March is upon us: Here's what you need to know ahead of the NCAA men's tournament
Brandon Miller saga casts dark cloud over college basketball with March Madness around the corner.
Even with Victor Wembanyama, Scoot Henderson and the Thompson twins taking other routes to the NBA, college basketball’s biggest talking point entering March isn’t the projected top-five picks who won’t be playing in this year’s NCAA men’s tournament.
It’s which one apparently will be.
Alabama continues to insist on allowing Brandon Miller to play despite his alleged involvement in the Jan. 15 shooting death of a woman in the student bar district of Tuscaloosa. Miller drove to the scene with a gun belonging to Alabama teammate Darius Miles in the backseat of his car, a Tuscaloosa detective’s pretrial testimony revealed last week.
Miller arrived soon after receiving text messages from Miles stating that he needed his gun and that some sort of dispute was underway. Miles allegedly retrieved his gun from Miller’s car and gave it to longtime friend Michael Davis. Minutes later, Davis allegedly began shooting into a Jeep containing Jamea Jonae Harris, striking and killing the 23-year-old mother.
A Tuscaloosa district attorney has said Miller won’t be charged with a crime and police have treated him as a witness, not a suspect. Even so, Alabama’s apparent unwillingness to discipline Miller or hold him accountable for his recklessness has drawn public outcry, media backlash and scathing criticism from Harris’ stepfather.
The Miller controversy is unlikely to blow over anytime soon with Alabama entering the first Saturday in March with a 26-4 record and a No. 2 national ranking. This scandal will hang over the Crimson Tide like a storm cloud for as long as they keep playing and will sully whatever they accomplish in the NCAA tournament.
Whether the scrutiny will galvanize or break Alabama remains to be seen but, if anything, Miller has only raised his level of play so far. Amid chants of “lock him up,” the heralded freshman erupted for a career-high 41 points in an overtime victory at South Carolina on Feb. 22. He then followed that up with 24 against Arkansas and 17 against Auburn in a pair of come-from-behind wins.

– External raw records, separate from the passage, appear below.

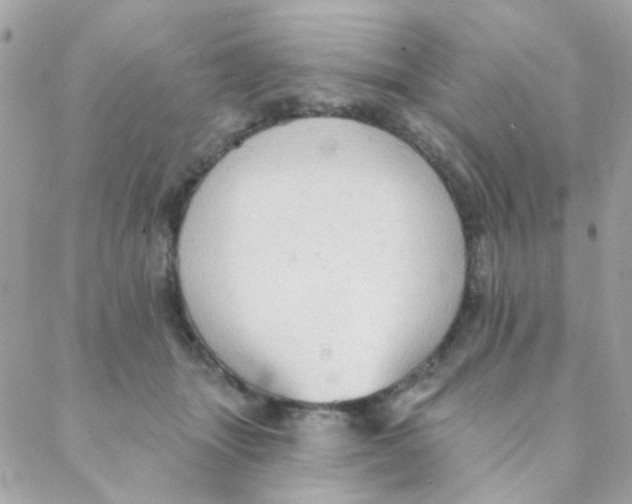 X0000088220463200706051327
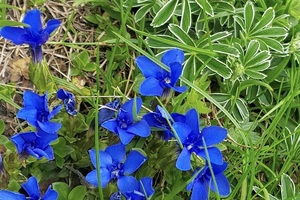 Spring gentian (c) nupursworld.com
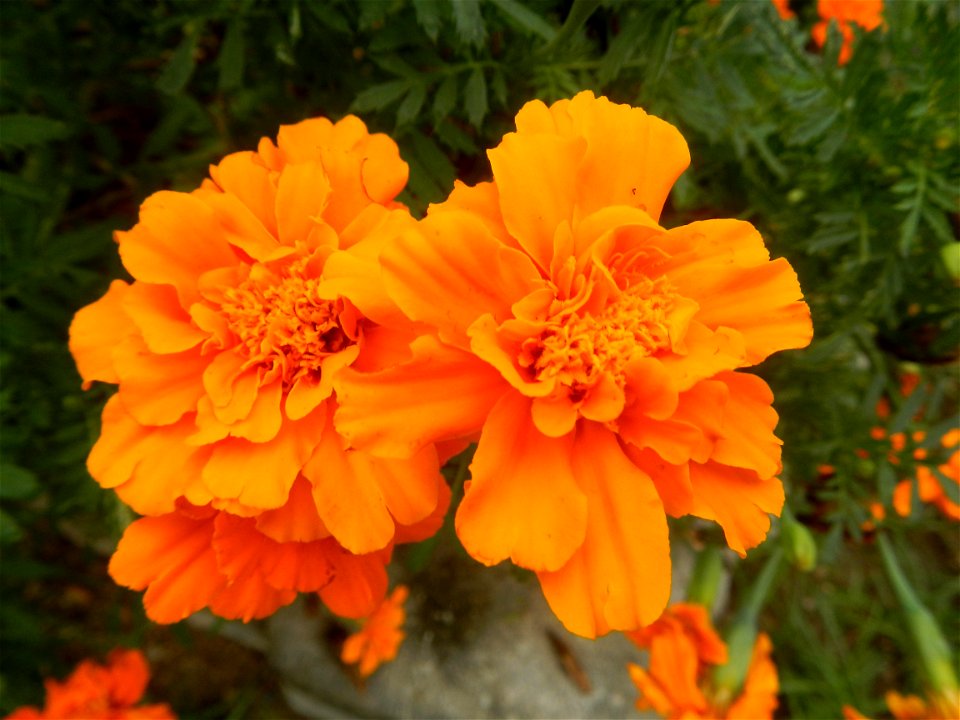 Tagetes patula 'Orange Boy' Tagetes patula 'Bonanza Yellow' A spider upon Tagetes erecta French Marigold in Barangay Pagala 14°58'14"N   120°53'26"E Baliuag, Bulacan, Bulacan province, (accessed from 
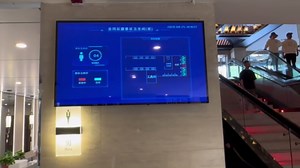 Unique way China manages queues in women's restroom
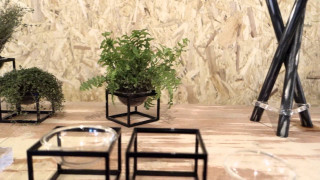 Table plants stone wall indoor - a stone wall behind free wallpaper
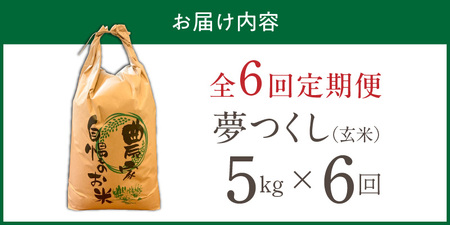 【定期便6回】【令和8年産 新米】福岡県産ブランド米夢つくし 玄米 5kg×6回 _  夢つくし 5kg 6回 定期便 福岡県産 久留米産 ブランド米 品種 艷やか 光沢 やわらかい 食感 米 ご飯 おにぎり 弁当 食品 お取り寄せ 福岡県 久留米市 送料無料  〔Tk107-06〕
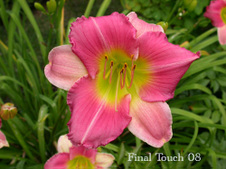 Enlarge photo 35
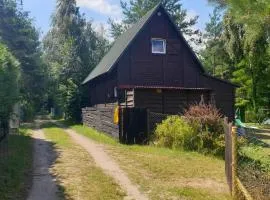 domki nad jeziorem, las, do 10 osób jezioro Wilczyńskie Budzisławskie - domek letniskowy osobno ogrodzony, ogrzewany mile widziane pieski, zwierzeta- wielkopolska, 62-550 Zygmuntowo gm Wilczyn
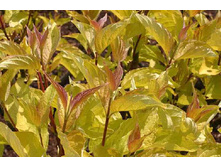 ����� �����*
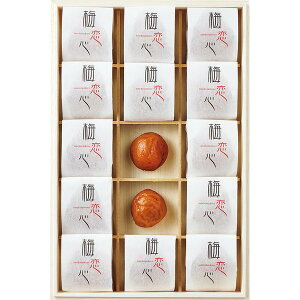 [~ѓ] IB~[~S] [BC50P]y11/16ȍ~oׁiꕔiL)z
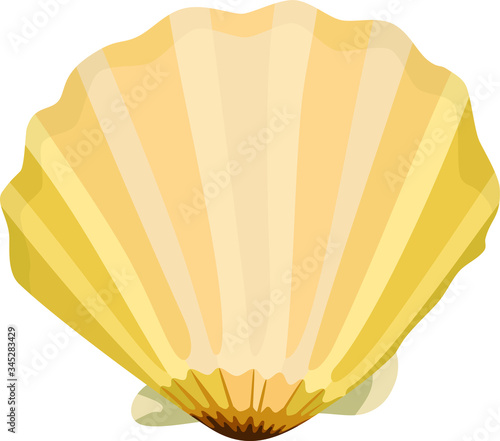 sea shell at beach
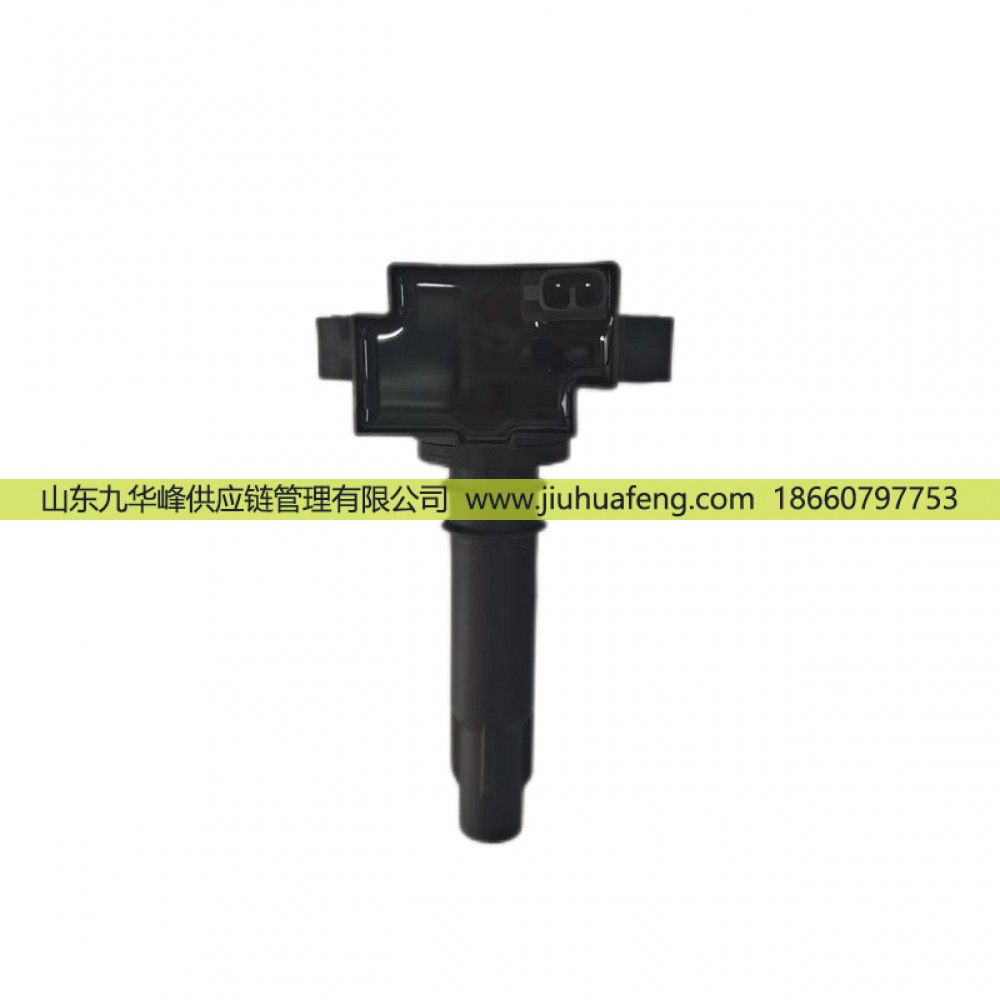 R81031 DQR1231A-D,点火线圈 Ignition Coil,山东九华峰供应链管理有限公司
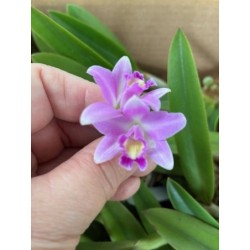 Laelia (rupestris x alaorii)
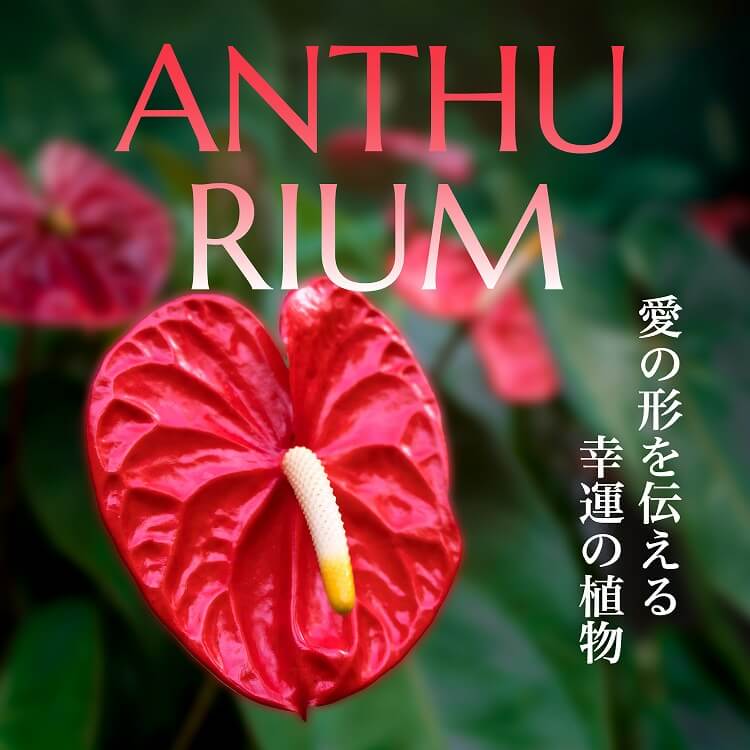 アンスリウムの花言葉とは？色別の花言葉やアンスリウムの歴史などについて紹介！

The plight of college basketball’s best NBA prospect isn’t the sport’s only storyline worth paying attention to entering March. Here’s everything non-Brandon Miller related you need to know with Selection Sunday just over a week away.
Who will join Alabama as No. 1 seeds in the NCAA tournament?
It’s a near certainty that Houston (28-2) and Kansas (25-5) will stand alongside Alabama on the top seed line. Houston has ripped through its league schedule with just a single loss after notching non-league wins against Virginia, Saint Mary’s and Oregon. Kansas has a national-best 15 Quadrant 1 wins, four more than any other team in college basketball.
The more intriguing question is who the final No. 1 seed will be. That spot likely still belongs to Purdue, but the Boilermakers (25-5) no longer have such a tight grip on it after dropping four of their past seven games and narrowly surviving Wisconsin's upset bid on Thursday night.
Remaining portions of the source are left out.